No matter how often they are punished, you apparently cannot keep some hard-boiled scamsters from manipulating stocks. Investigations into the Scam of 2000-01 revealed the sordid role played by a number of Kolkata brokers and their massive off-market dealings with Ketan Parekh, who was named the central figure of the Scam by the Joint Parliamentary Committee Report. Kolkata sources report that a part of the cabal that ruined the market in 2001 and bankrupted Unit Trust of India a few years ago is back in action. They are working with a Mumbai operator, who is again funnelling money into illegal trading operations. Interestingly, an industrialist who is on the run from the police and has been barred from the capital market has changed his name to Mittal and is again dabbling in the share market using FIIs as fronts. These scamsters are actively ramping up an airline scrip that the market grapevine links to a minister in the previous government. The scamsters are also emboldened by former minister for law and company affairs Arun Jaitley throwing all probity to the winds and making himself available to defend scamster and defaulter Ketan Parekh. The BJP too has officially defended that action and even dared to justify it as a professional one.
Net trading woes?
Many Internet traders who have complained that their orders were executed at rates other than those they punched in, have now got some relief. Such errors occurred on rare occasions (there have been barely a dozen reported complaints, of which eight were from ICICI Direct and the rest from other Net broking outfits), but tended to be dismissed as punching mistakes by the service providers and bourses. But last week the NSE finally took cognisance of the complaints and asked the brokerage firms to reimburse the affected investors. It also ordered a systems audit to track these errors and report its findings to the bourse. It has also asked the firms to designate a nodal official to deal with the complaints, check their veracity and compensate investors in genuine cases.

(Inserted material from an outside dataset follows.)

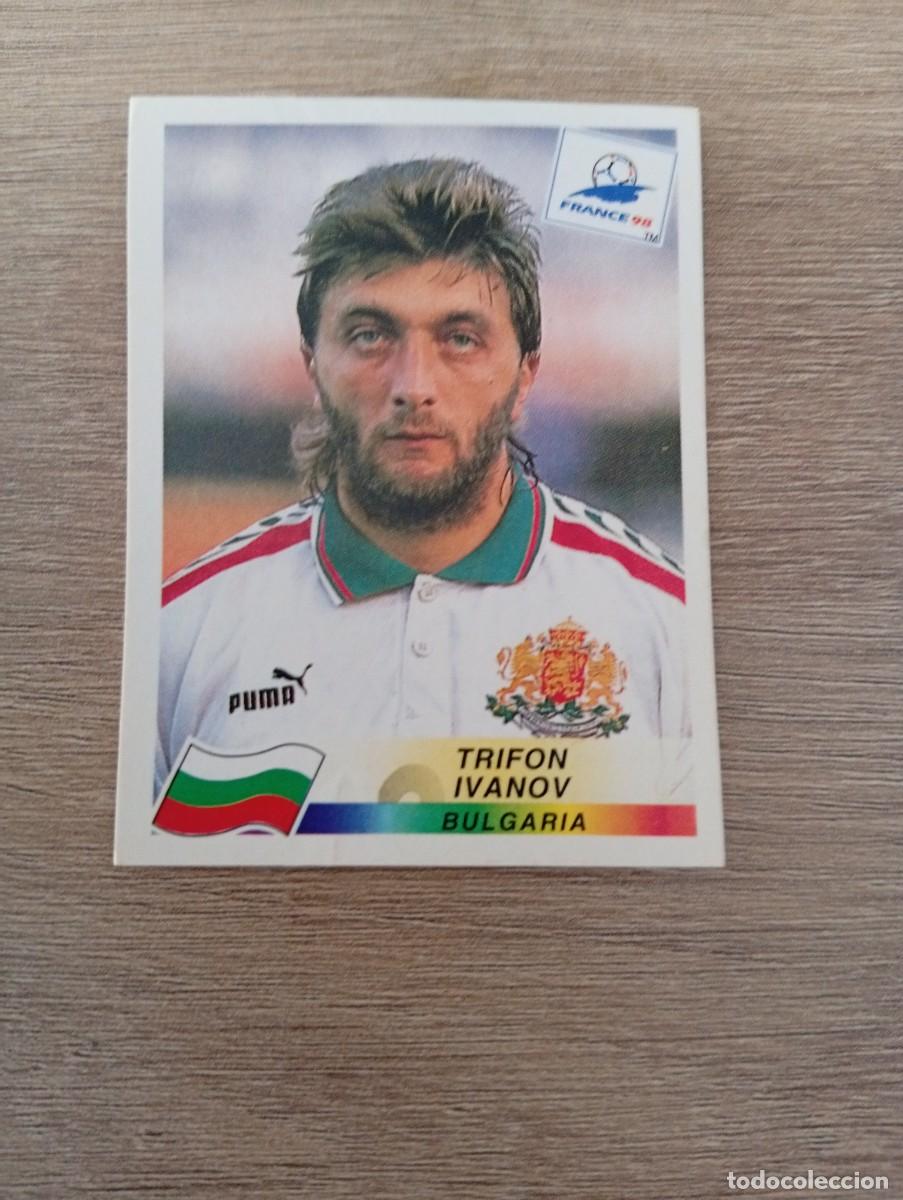 Fu&szlig;ball-Sticker: TRIFON IVANOV 284 BULGARIA PANINI FRANCIA 1998 98 SIN PEGAR NUNCA PEGADO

At its recent board meeting, the Securities and Exchange Board of India (SEBI) is understood to have invited Venu Srinivasan (Chairman of TVS Motor Company) to join its board. This slot had remained vacant after Kumar Mangalam Birla’s tenure ended, probably because Birla had found little time to attend the regulator’s meetings. Interestingly, Srinivasan had been invited to be on the board of SEBI’s ambitious ‘‘global securities markets training centre’’ called the National Institute of Securities Markets (NISM) that now seems headed for a drastic scaledown. In fact, SEBI has initiated steps to take over the Indian Institute of Capital Markets (formerly UTI Institute) and expand its scope to meet training needs.